Diese "Friss-oder-Stirb-Ankündigung" entbehrt nach Auffassung der Verbraucherzentrale einer Rechtsgrundlage in den Allgemeinen Geschäftsbedingungen. Darin sei vielmehr von einem Vertrag auf unbestimmte Zeit die Rede. Auch sieht die Verbraucherzentrale keinen Grund für eine Sonderkündigung. Die Vebraucherzentrale habe sich vergeblich um ein Klarheit bringendes Gespräch mit der Telekom bemüht.

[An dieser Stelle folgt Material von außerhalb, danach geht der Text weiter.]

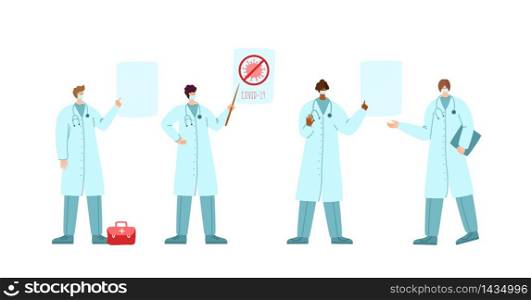 Coronavirus covid-19 concept - doctors or scientists in medical robe and protective facial masks point to information poster, epidemic control, flat cartoon people isolated - vector illustration. Coronavirus covid 2019 doctors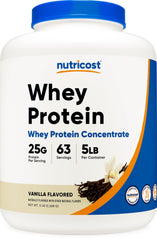 Nutricost Whey Protein Powder Vanilla bottle for daily workouts.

Gekündigten Telekom-Kunden rät die Verbraucherzentrale, in jedem Fall auf die Erstattung des noch nicht verbrauchten Guthabens zu pochen. Das Oberlandesgericht Köln habe 2009 entschieden, dass das Restguthaben auch von bereits abgelaufenen Karten zu erstatten ist. In der Begründung hieß es damals, dass die Sperrung der Telefonkarten ohne Erstattung des noch nicht aufgebrauchten Guthabens oder einen Übertrag auf eine neue Telefonkarte eine unangemessene, unzulässige Benachteiligung der Verbraucher darstellt. Das Landgericht in Kiel hatte im April 2011 ergänzend geurteilt, dass der Provider für die Auszahlung des Restguthabens keinerlei Gebühren verlangen darf.

Die Verbraucherzentrale bittet Betroffene, sich zu melden, um "diesen Missstand mit Nachdruck verfolgen zu können."